| Extracted information |
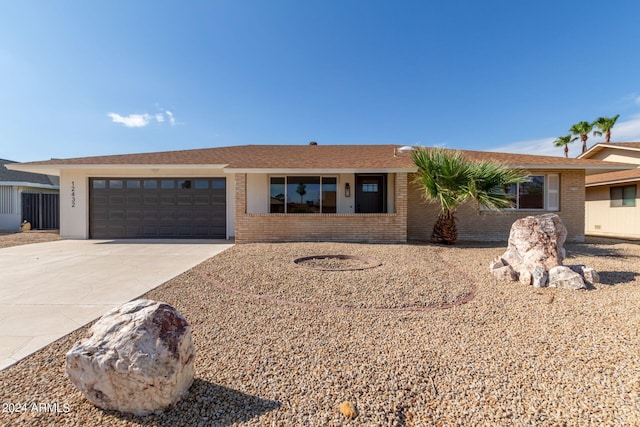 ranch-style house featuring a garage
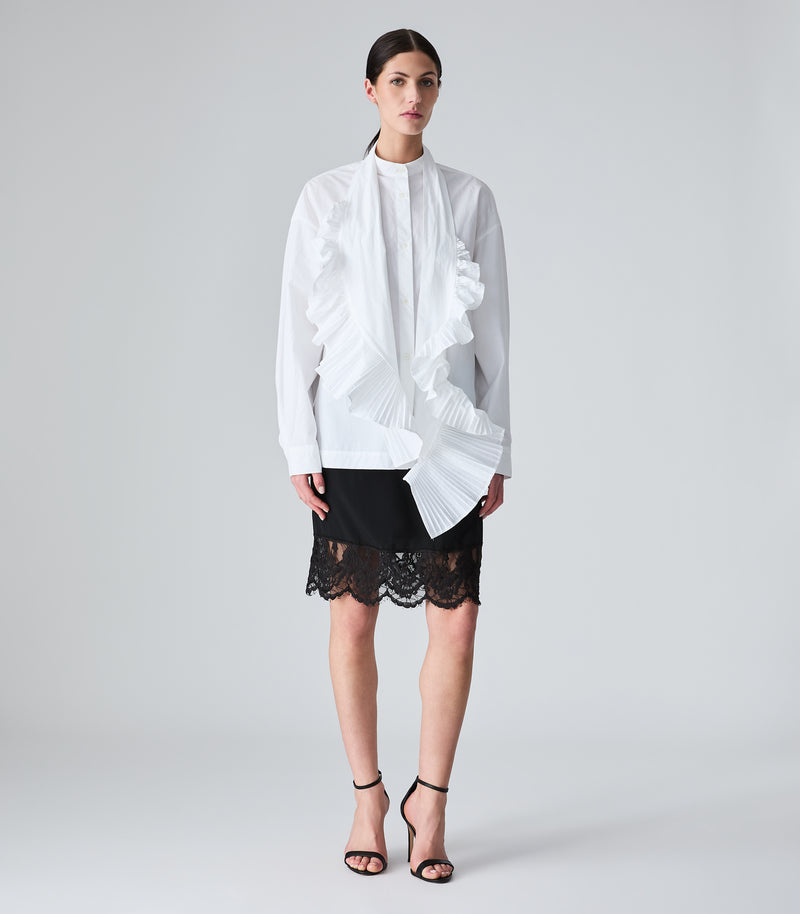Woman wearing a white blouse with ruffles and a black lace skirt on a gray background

==

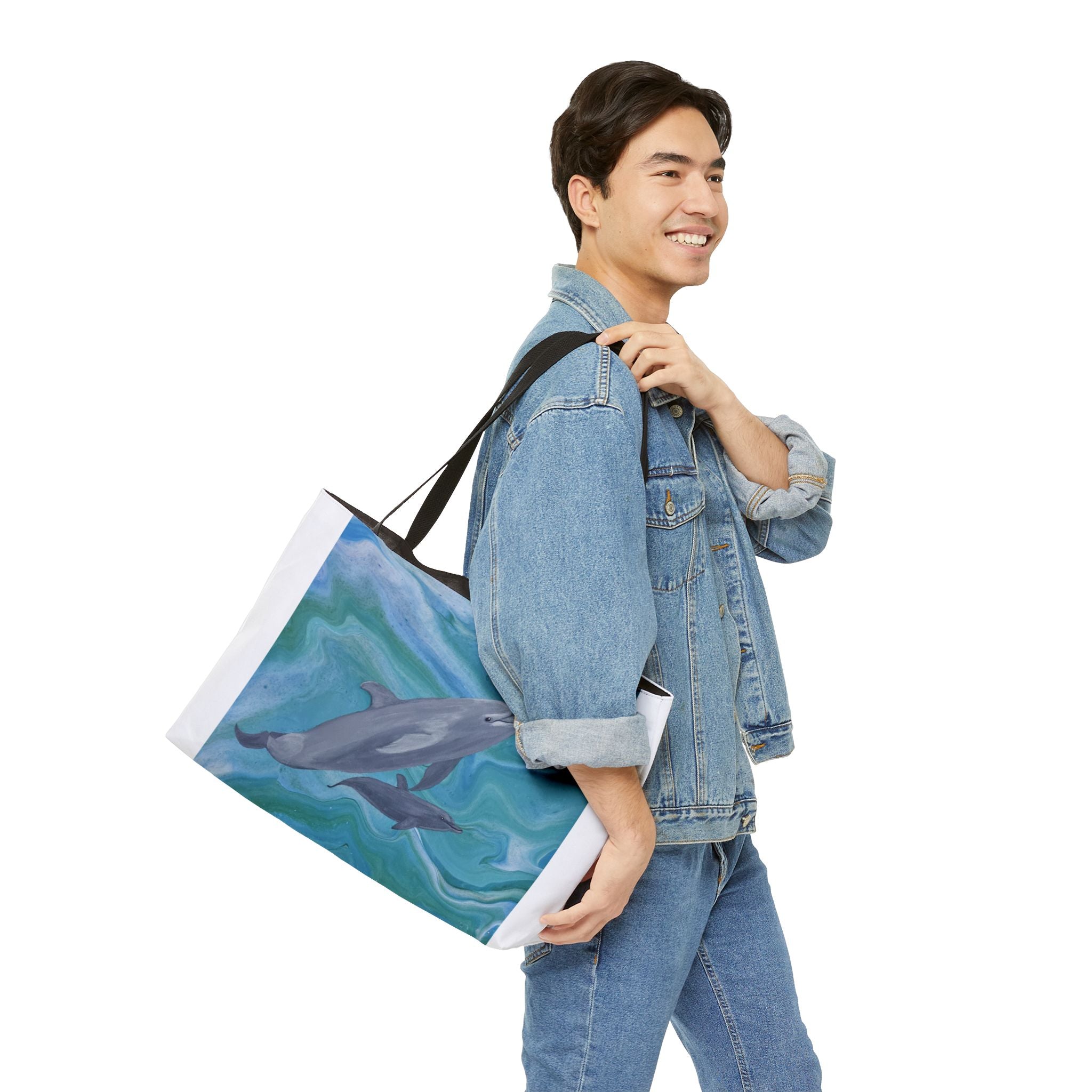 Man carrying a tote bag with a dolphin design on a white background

| Directions |
Please copy out from the data above, without any picture, exactly the lines running from the one that holds "ranch-style house featuring a garage" through the one that holds "Woman wearing a", and nothing beyond them.

| Your response |
 ranch-style house featuring a garage
Woman wearing a white blouse with ruffles and a black lace skirt on a gray background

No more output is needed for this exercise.